Blob Blame History Raw
From 7fcd3efa1e9ebebf71f9c65f6c0a8ce993122424 Mon Sep 17 00:00:00 2001
From: Christoph Hellwig <hch@lst.de>
Date: Mon, 9 Apr 2018 10:23:39 -0700
Subject: [PATCH] xfs: remove filestream item xfs_inode reference
Patch-mainline: v4.17-rc1
Git-commit: 7fcd3efa1e9ebebf71f9c65f6c0a8ce993122424
References: bsc#1127961

The filestreams allocator stores an xfs_fstrm_item structure in the MRU to
cache inode number to agno mappings for a particular length of time.  Each
xfs_fstrm_item contains the internal MRU structure, an inode pointer and
agno value.

The inode pointer stored in the xfs_fstrm_item is not referenced, however,
which means the inode itself can be removed and reclaimed before the MRU
item is freed. If this occurs, xfs_fstrm_free_func() can access freed or
unrelated memory through xfs_fstrm_item->ip and crash.

The obvious solution is to grab an inode reference for xfs_fstrm_item.
The filestream mechanism only actually uses the inode pointer as a means
to access the xfs_mount, however.  Rather than add unnecessary
complexity, simplify the implementation to store an xfs_mount pointer in
struct xfs_mru_cache, and pass it to the free callback.  This also
requires updates to the tracepoint class to provide the associated data
via parameters rather than the inode and a minor hack to peek at the MRU
key to establish the inode number at free time.

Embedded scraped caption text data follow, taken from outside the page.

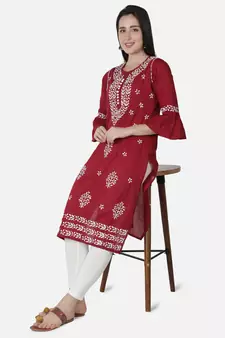 Hand Embroidered Maroon Cotton Lucknowi Chikankari Kurti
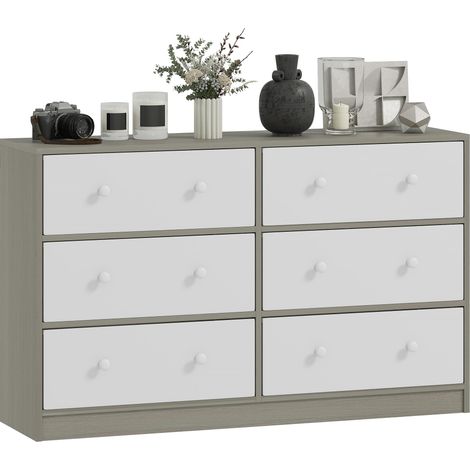 Commode à 6 tiroirs en tissu, structure en acier et MDF, idéale pour le salon, le bureau ou le dressing, blanc et gris.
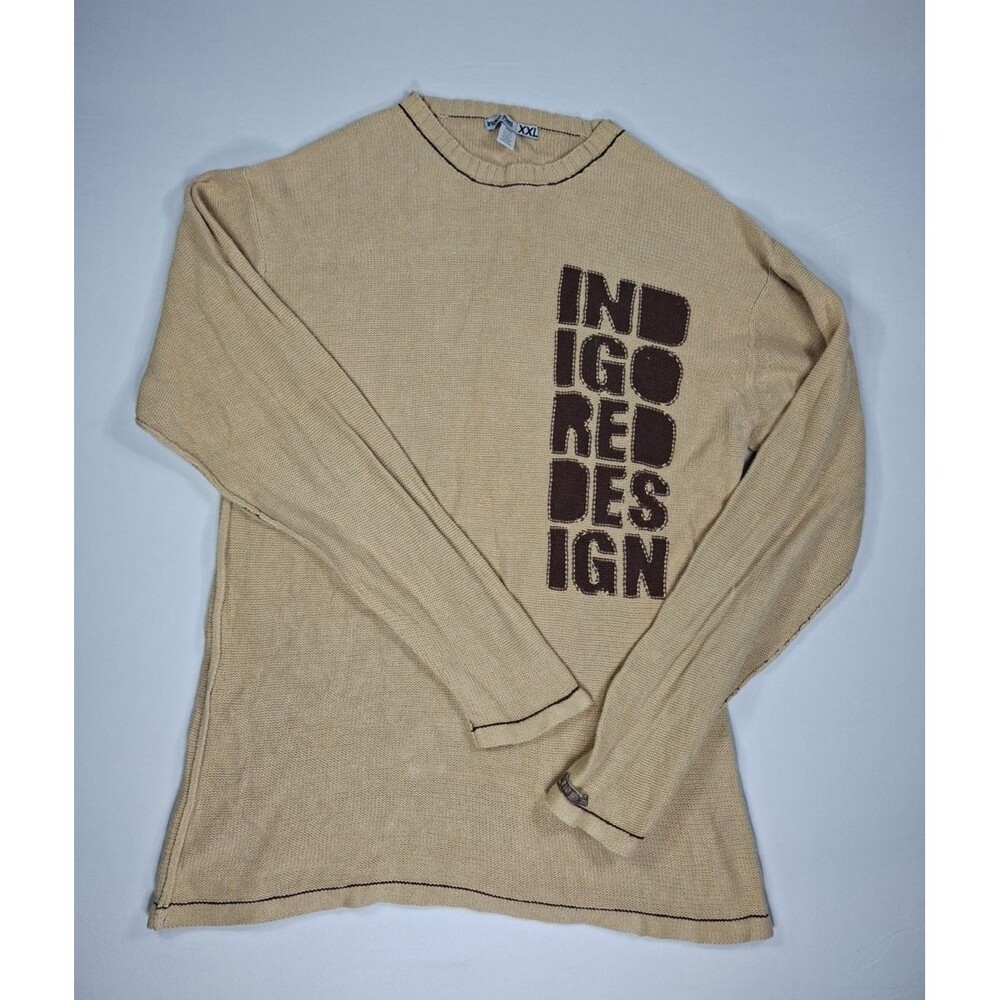 Indigo Red Designs Men XXL Brown Graphic Long Sleeve Shirt Pullover Crewneck 2XL
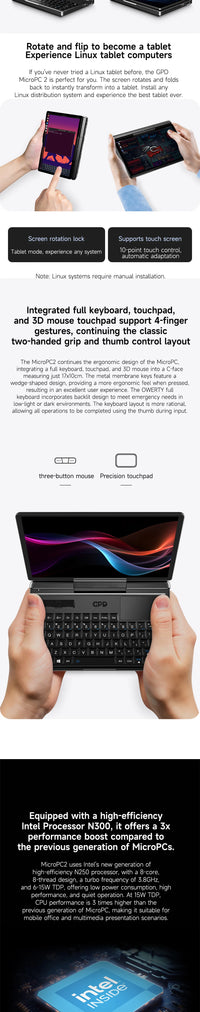GPD MicroPC 2 2025 – 7" Pocket Laptop | Intel i3-N300 | 16GB DDR5 | Up to 4TB SSD | Touch | Wi-Fi 6 | Windows 11 Pro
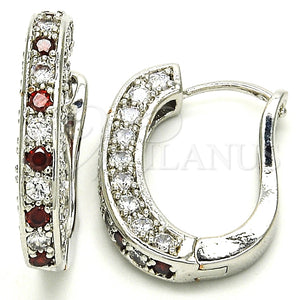 White Gold Filled Hoop Earrings — Huggie Hoop with Garnet and White Cubic Zirconia — main product view — SKU 125604 | Oro Laminado Blanco aretes de aro — Huggie Hoop with Garnet and blanco Cubic Zirconia — SKU 125604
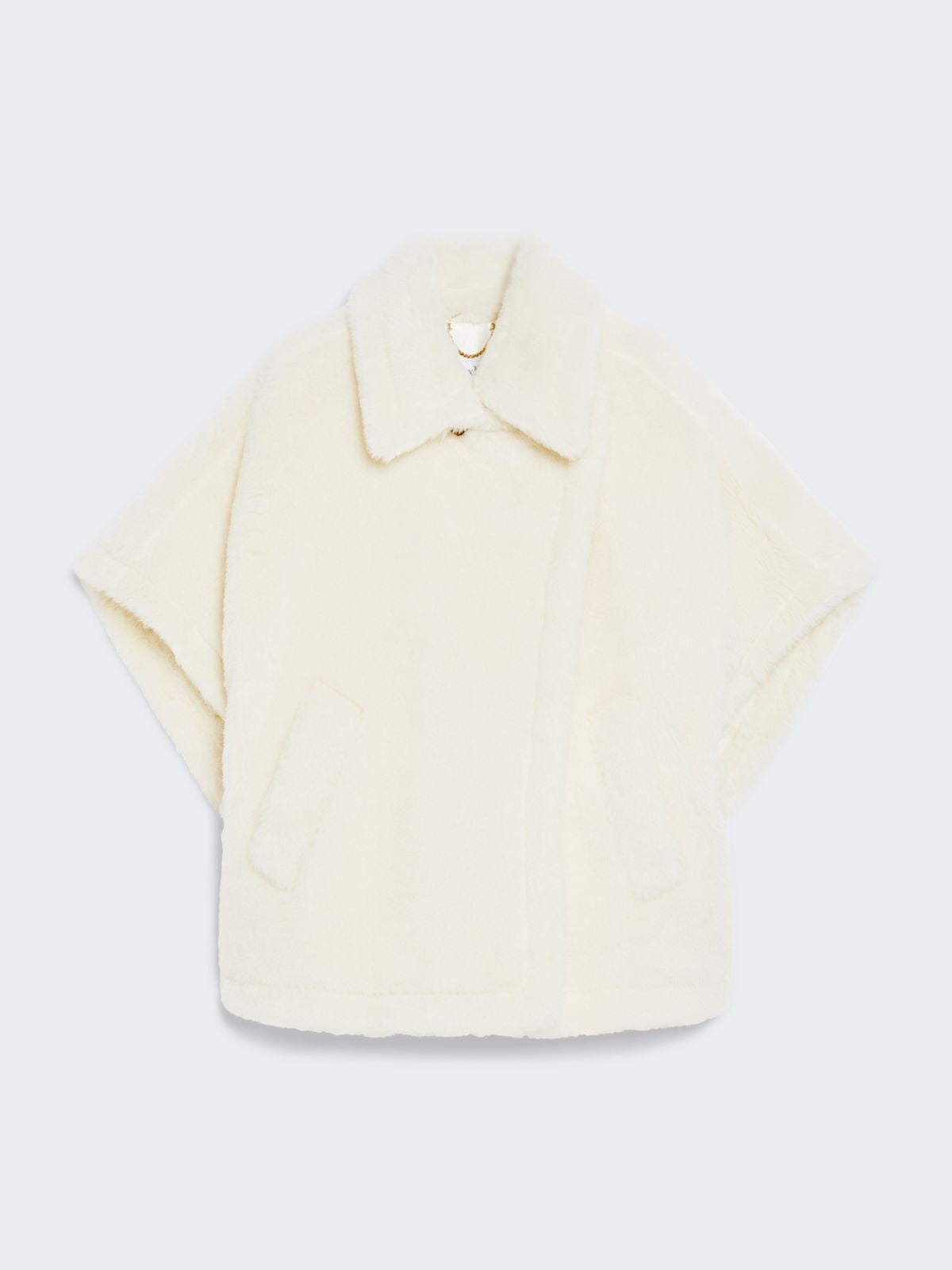 Cape in alpaca and wool Teddy fabric - Optical white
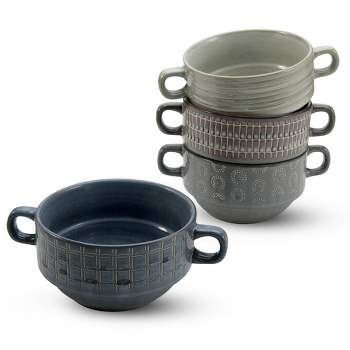 Sweejar Porcelain Soup Bowls with Handles, 28OZ Substantial Crocks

Based on debugging work and an earlier patch from Brian Foster, who
also wrote most of this changelog.

Reported-by: Brian Foster <bfoster@redhat.com>
Signed-off-by: Christoph Hellwig <hch@lst.de>
Reviewed-by: Brian Foster <bfoster@redhat.com>
Reviewed-by: Darrick J. Wong <darrick.wong@oracle.com>
Signed-off-by: Darrick J. Wong <darrick.wong@oracle.com>
Acked-by: Anthony Iliopoulos <ailiopoulos@suse.com>

---
 fs/xfs/xfs_filestream.c | 19 +++++++++----------
 fs/xfs/xfs_mru_cache.c  |  8 +++++---
 fs/xfs/xfs_mru_cache.h  |  8 ++++----
 fs/xfs/xfs_trace.h      | 14 +++++++-------
 4 files changed, 25 insertions(+), 24 deletions(-)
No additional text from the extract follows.